Thanks again Ab for the forum,

Tiny, the aspiring wildfire journalist

PS I know some of you might be thinking 'Oh no Boy Scouts and 
forest fire...' I assure you that my troop has a strict policy on 
camp fires, cook stoves, and burnables et all, and the hunters camp 
we found is labelled as that due to the nature of the litter found, 
(A rotting carcass is one type we discovered.) and its 'tucked away' 
location, completely away from any of the paths and camp sites the 
troop itself constructed last summer is another factor. Also, sorry 
for the lengthy letters, Ab, I'll try not to bombard you and everyone
else with these too often. (*Grin*)


01/02 Hi AB,
    As per usual, just as the light comes over the horizon and you may
have thought that progressiveness and the fortitude began to exist your
hopes are dashed again by the "You did not take these courses through
us, so they don't count" B.S.!! Could the higher ups in Fire Management
get there people to realize that you get paid to do a certain job, and
playing this game is isolationistic, arrogant, and needless. What is the
point to take the I- & S- courses to better yourself in your profession,
make yourself more marketable for assignments and promotions, and move
up the food chain. I thought that we were beyond this kind of thing.
Evidently not.

      If those of you in the upper-UPPER Levels of Fire Management (like
Regions, States, Boise, NIFC, and Washington D.C.) NEED TO put out a
memorandum of administrative direction (a memo) to every national
forest, national park, BLM District, BIA Reservation, Fish & Wildlife
Refuge, Dept. of Defense Fire Agency, private contractor, and state
wildland agencies stating that all Certified Wildland Fire Training
Courses taught under the I-, S-, and other significant programs related
to wildland fire that are accepted and taught by said agencies, State
Fire Training groups, community colleges, private certified training
groups, and others, that ALL accepted training courses ARE transferable
among inter-agency and other fire organizations as long as they can be
verified either by contact or proof of passing (Certificate or
If you all can't come to an agreement as a whole, NIFC, Region, State,
CO-OPERATOR then there is NO POINT in Continuing this formalized,
restrictive, isolationist program. This means that those fire personnel
will stay on that forest for the rest of their career, with no hope of
transfer or promotion outside their home unit because if you move you
have to do all of your training from the ground up all over again,
meaning wasted money in needless repetition of training, wasted
personnel time, and more isolation from the rest of the fire community.

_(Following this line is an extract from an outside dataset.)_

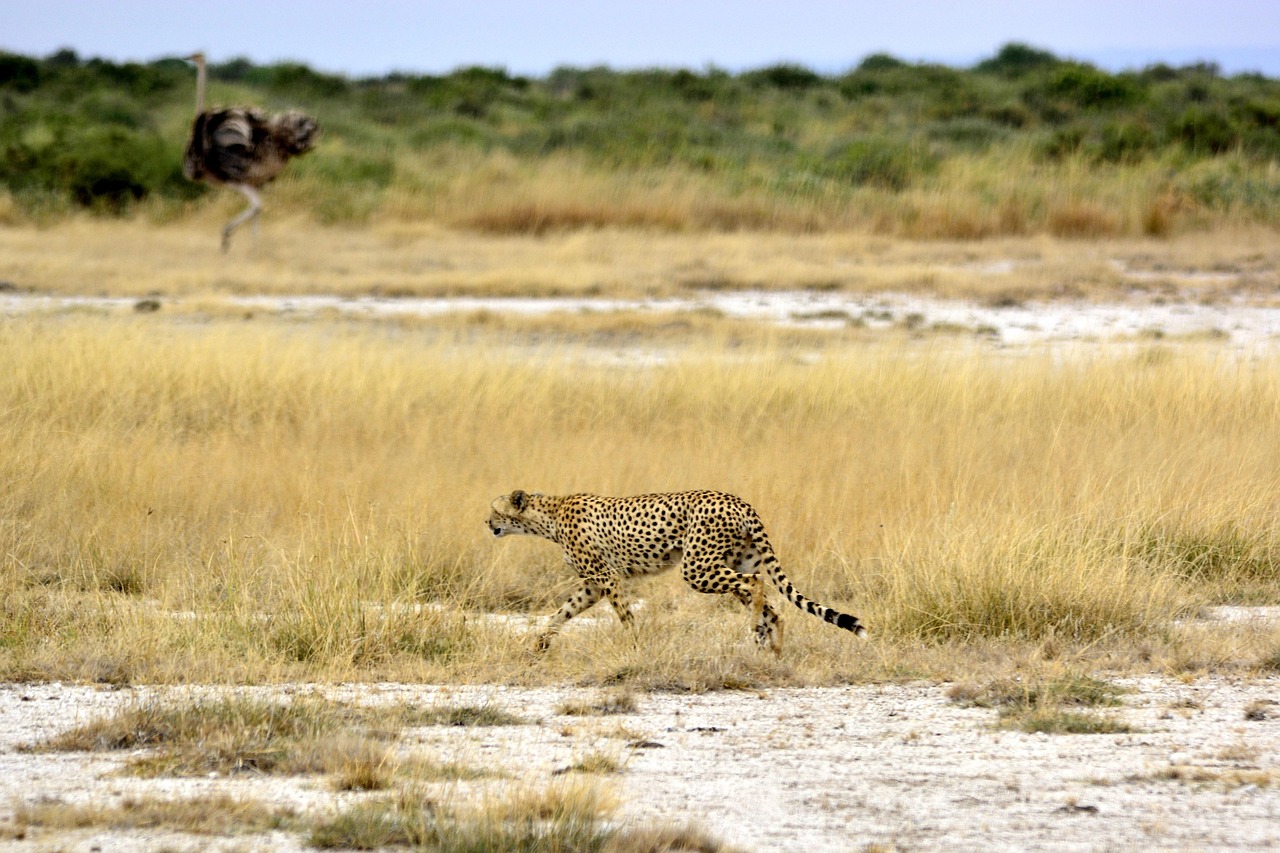 A Cheetah in Amboseli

     Not everyone plays this game. Many Forests, BLM districts, some
National Parks, and others accept the training that has been previously
accomplished by a new or returning employee to the organization. But, IT

     The wildland fire service adopted the ICS-Incident Command System
so that everyone would be on the same command and position structure
when working an incident with other agencies. To help with that, the
courses we all take to update and refresh our skills and knowledge are
designated I-100, S-239, I-300, S-490, etc. to show that the accepted
training has been done to meet the employment requirements and fire
service subject standards. Everyone is required to take these courses as
a requirement of employment in there position. This is not the point of
the argument, just a statement of fact.

    What the argument is, why are there still parks, forests, and
districts still playing this game, especially in CALIFORNIA? WHY?

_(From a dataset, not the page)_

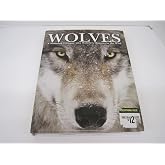 Wolves: a Stunning Glimpse into Nature's Hunters in the Wild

     I have worked in many of these agencies over my career, and as I
moved up in fire management I was hired not only for my experience, but
for the I-, S-, and other coursework I had done to reach the position I
am in now, that those agencies did not have the money to send me to or
could afford. They accepted these courses having been done through the
federal fire agencies, the California Dept. or Forestry, local community
colleges, the State Fire Marshal's Training Branch, private contractors,
AD Crew Instructors, retired federal fire instructors, and so on. If
many of the federal agencies accept these courses regardless of
where-who-what-why-how or who-paid-for-it, then why can't everyone? This
sounds so much like a way for an FMO to keep his/her buddies in the good
positions and does not allow for upward mobility or unnecessary
redundant training, or protect his organization for one reason or

     In the early 90's I worked with a fire captain (engine) in Southern
California who came over from both Wyoming Forest Service and BLM FMO's.
He was hired as a permanent captain and that forest made him redo ALL of
his I & S courses, taking months away from his field work. There are
many more examples I can give you of this same problem, but I won't go
any further with the examples.

     If we continue with this training and certification system, of
which for now it is a good one, then why can't we all come to a
consensus and agree that if your are certified (For Example) in
S-290 Intermediate Fire Behavior and it was done by CDF because the
national forest would not send you to a government S-290 course, that it
is to be acceptable? There are still forests, BLM Districts and, I am
sad to say, the National Park Service, once one of the most versitile
and progressive fire training organizations, that continue to hold this
backwards attitude.

This protectionist attitude needs to stop RIGHT NOW. Period! The FMO's
of these places are following their own agenda's, and if they don't know
about it, this means that members of their staff are doing it without
approval. If it happens in one place, its happening in all of them.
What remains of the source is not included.